The International Energy Agency (IEA), founded in November 1974, is an autonomous body within the framework of the Organization for Economic Co-operation and Development (OECD) which car- ries out a comprehensive programme of energy co-operation among its member countries. The European Union also participates in the work of the IEA. Collaboration in research, development, and demonstration of new technologies has been an important part of the Agency’s Programme.
The IEA Photovoltaic Power Systems Programme (PVPS) is one of the collaborative R&D Agree- ments established within the IEA. Since 1993, the PVPS participants have been conducting a variety of joint projects in the application of photovoltaic conversion of solar energy into electricity.
The mission of the IEA PVPS Technology Collaboration Programme is: To enhance the international collaborative efforts which facilitate the role of photovoltaic solar energy as a cornerstone in the transition to sustainable energy systems. The underlying assumption is that the market for PV sys- tems is rapidly expanding to significant penetrations in grid-connected markets in an increasing number of countries, connected to both the distribution network and the central transmission net- work.
This strong market expansion requires the availability of and access to reliable information on the performance and sustainability of PV systems, technical and design guidelines, planning methods, financing, etc., to be shared with the various actors. In particular, the high penetration of PV into main grids requires the development of new grid and PV inverter management strategies, greater focus on solar forecasting and storage, as well as investigations of the economic and technological impact on the whole energy system. New PV business models need to be developed, as the decen- tralised character of photovoltaics shifts the responsibility for energy generation more into the hands of private owners, municipalities, cities, and regions.
IEA PVPS Task 13 engages in focusing the international collaboration in improving the reliability of photovoltaic systems and subsystems by collecting, analysing and disseminating information on their technical performance and failures, providing a basis for their technical assessment, and de- veloping practical recommendations for improving their electrical and economic output.
The current members of the IEA PVPS Task 13 include:
Australia, Austria, Belgium, China, Denmark, Finland, France, Germany, Israel, Italy, Japan, Malay- sia, Netherlands, Norway, SolarPower Europe, Spain, Sweden, Switzerland, Thailand, and the United States of America.
This report concentrates on the reliability of PV modules. The reliability of PV modules is described by theoretical models. We focus on available models and not in any case on the most important degradation mechanisms. Furthermore, statistical data of the PV module reliability in the field is presented and analysed. The importance of local environmental stressors, such as temperature, humidity, irradiance, wind, etc., influencing the reliability test methods is discussed.
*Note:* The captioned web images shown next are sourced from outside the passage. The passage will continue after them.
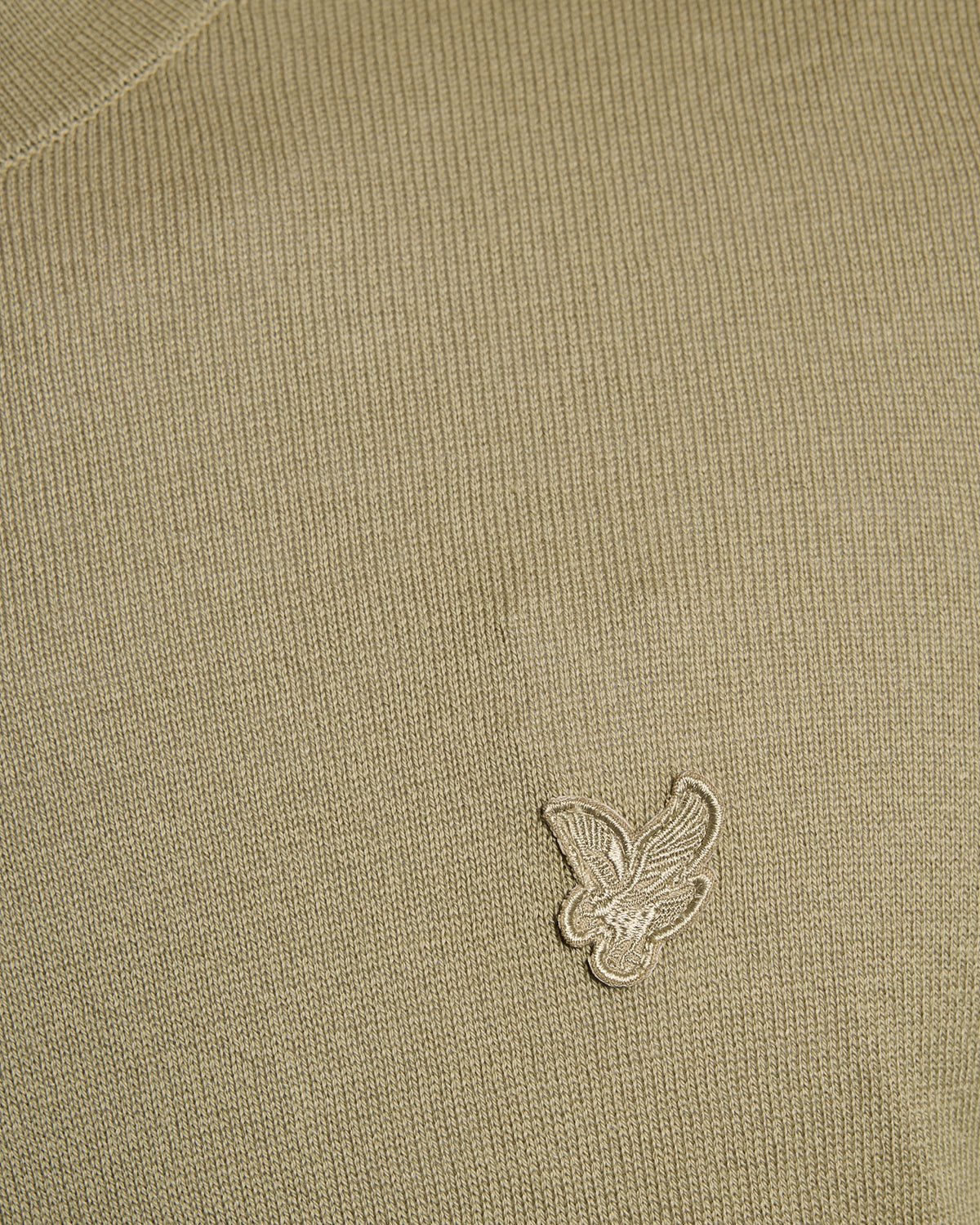 Homme portant un pull à col rond en coton ultra-fin de la marque Sage Uniform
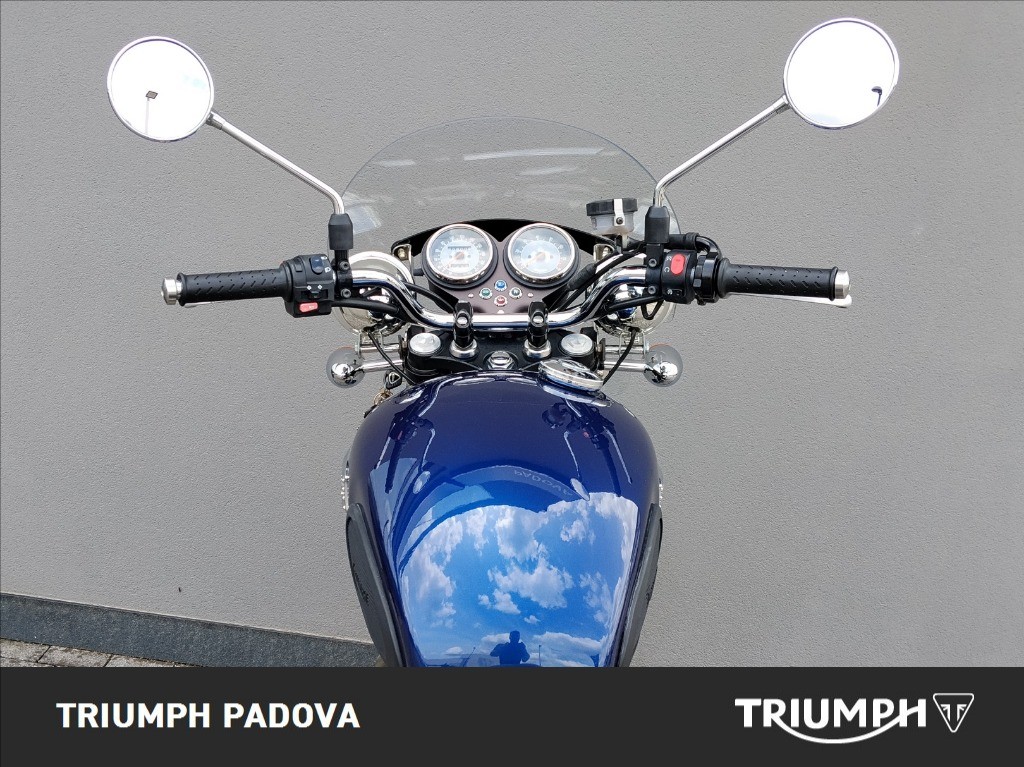TRIUMPH Bonneville 865 SE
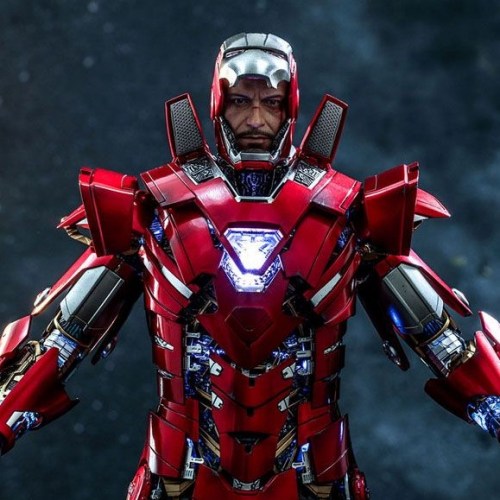 Silver Centurion (Armor Suit Up Version) Iron Man 3 Movie Masterpiece 1/6 Action Figure by Hot Toys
The editors of the document are Marc Köntges, Institute for Solar Energy Research Hamelin, Em- merthal, Germany (DEU), Gernot Oreski, Polymer Competence Center, Leoben, Austria (AUT), and Ulrike Jahn, TÜV Rheinland Energy, Germany.
The report expresses, as much as possible, the international consensus of opinion of the Task 13 experts on the subject dealt with. Further information on the activities and results of the Task can be found at: http://www.iea-pvps.org.
Currently plenty of PV module failures are known. For investors these failures are difficult to assess because there is little information how much impact and how often a specific failure mode occurs in real world PV systems. The lack of information adds an unnecessary uncertainty to the risk of investment. In this document we try to analyse this problem from three perspectives.
The first perspective is the view of a scientist, PV module expert or manufacturer. In chapter 2 we summarize PV module failure models. These models allow one to analyse the impact of specific well-known degradation modes and failures on the module power with a dependence on weather conditions. These models allow a manufacturer or a PV module expert to evaluate the power loss risk for specific known failures for a specific product. This information can be used to define the warranty criteria for the product. However, most of the failures have not been evaluated to this depth in literature. For these failures, data is summarized from the literature to explain the root cause mechanisms and, if possible, ways to simulate their impact on power production in the fu- ture. A framework is explained to model the power loss of multiple failures.
The second perspective is the view of an investor, banker or underwriter. We collect PV system failure data for four climate zones. These data allow analysing the occurrence of a failure relative to other failure types and its impact on the system power.
Finally, the third perspective is the view of a test institute and PV system planner. Here we explain how one has to modify testing methods for specific failure types to special regions. This allows adapting test methods for a given PV module to specific regional requirements.